I made the assertion of the stop time always being greater than or equal to
its associated start time because of the wording in the original post. A
stop (time) cannot be negative in respect to its start time. I know its an
assumption but for what was asked it is relatively safe. If the stop time
was to be negative i.e.

Column a holds the most recent start time and Column B hold the last stop
time and you where working out the downtime of a server then your point is
valid but if you swap column A for B then run it through again its fixed.  



> 
> If I assume you meant (a1 >= b2), then it is not valid:

I did not mean the above.

> 
> >      A  , B
> > 1   (4  , 5)
> > 2   (9  , 10)
> 
> Which is already sorted on A, now we can see that if a1>=b2 
> should never be
> true.  So, lets assume (a2 >= b1):
> 
> >      A  , B
> > 1   (4  , 5)
> > 2   (9  , 10)


Again I did not mean (a2 >= b1). The reason I do not compare the value of a1
with anything is because we know one of its properties proved by Rule 1
(after it has been sorted on column A).



> 
> Now, if 5 > 9, then we could merge these (in this case they 
> aren't).  With
> the new set being (4, 10) [if 5 > 9!]
> 
> > If this is not the case then if (b1 < a2) we can safely 
> deduce that it has
> > no overlap in any other set from rule 1 and calculate the 
> time and store it.
> 
> I think this might be true, proving you have collapsed the 
> above.  It warrants
> someone better than I at Algorithms to look at.
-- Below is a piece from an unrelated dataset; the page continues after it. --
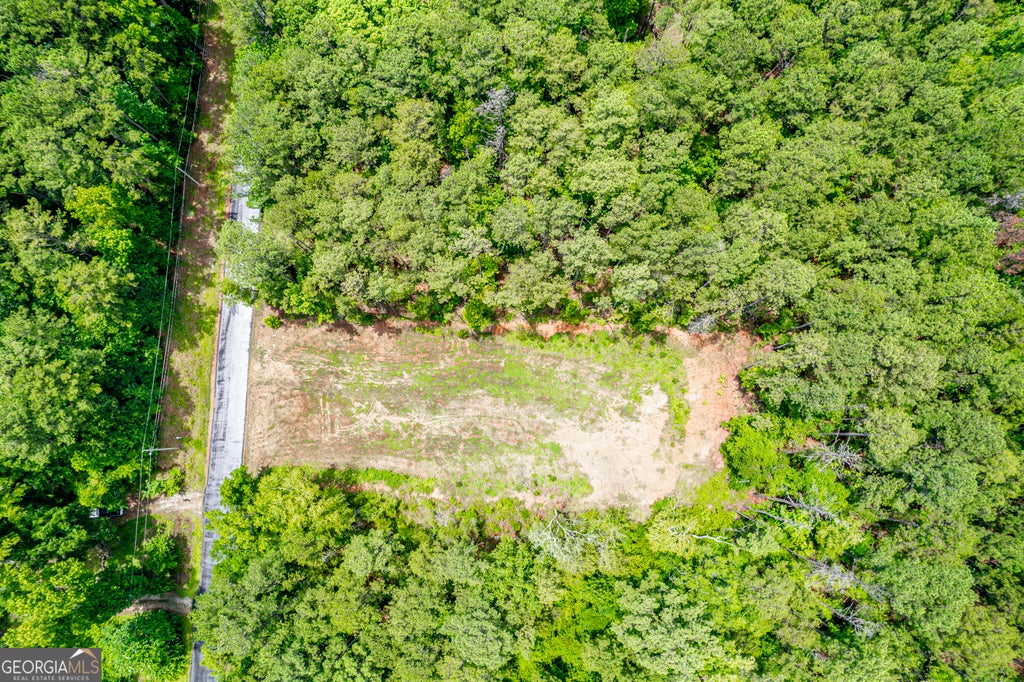 Photo of 82 Cedar Drive, Sparta, GA 31087 (MLS # 10803973)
If you look at the source you will see that I calculated the value then
removed the first element and collapsed the array. I then go back to the
start of the rules and apply them again.


> 
> > If however (b1 < a2) is false then because of Rule 1 we can 
> safely replace
> > b1 with b2 and remove the second set.
> 
> I'm lost.  :P

If the above is false then we can assume that b1 is greater than or equal to
a1. It overlaps. We have checked the other two rules before hand and so far
we have the following logic.

We know a1 =< a2                FROM RULE 1
We know b2 > b1         FROM RULE 2
We know b1 > a2         FROM RULE 3

therefore we can replace b1 with b2 and remove the second set which I have
used splice to do.    

> 
> > The code I have used to get the results is at the end. I 
> have no idea if it
> > is a fast solution. I am not sure if it is the best way to 
> code it either
> > and I am sure some people can optimise it for best 
> performance. I wanted to
> > use a for loop but went for the easier while loop instead. 
> 
> If you only have to sort once, and you can step through in a 
> linear fashion
> then it will be pretty fast.  It is not dissimilar to what I 
> did (and nobody
> has complained yet), it does however have an unfortunate side effect:
> 
>   the original sample of data gets destroyed

It could be written so that the shift and splice will fill another array as
the bits are taken off. Or pairs could be passed in for processing and the
original array not touched.


> 
> but that is easily fixable.  The time complexity of our 
> solutions is going
> to be the same [I think], however improvements can be made to 
> make it even
> more efficient - if we pre-process the input data, which is 
> not unlikely.
> Imagine a calendar with associated timeslices, where you can do some
> pre-processing and even store to disk.
> 
> I was going to try using an AVL tree, but someone hasn't 
> written Tree::AVL
> yet!  I don't have time just now, so it's going to have to be 
> on the back
> burner for the moment.

I have drawn a representation of what I was doing in a tree like structure
and it comes out well, although I am unsure if my method could be used as a
binary tree. What I found was that I was left with node and leafs whose sums
would add up to the total time used. The main advantage of a binary tree is
sorting and I am trying to reason what the advantage would be in this case.
For me if I wanted a range I would remove the range from the array and
calculate it as above. 

> 
> > For thousands of records if we find the greatest stop time 
> then if our
> > searching set every has this value as its stop time  we can 
> calculate the
> > total and exit without iterating over any more sets 
> providing the set has
> > been sorted on column A.

When I read it back it does not make much sense ;-) . What I mean is that
depending on the spread or set size if we know the largest stop time using
the rules above if we ever find (b1 = (largest stop time)) then we have no
need to search any further along the array. We would need to find the
largest stop time before we start traversing the array.


> Huh?
> 
> > When we have sets with matching start times we are only 
> > interested in the set with the largest difference and 
> > vice versa for the stop times.
> 
> Time complexity to detect that case is poor, is it not?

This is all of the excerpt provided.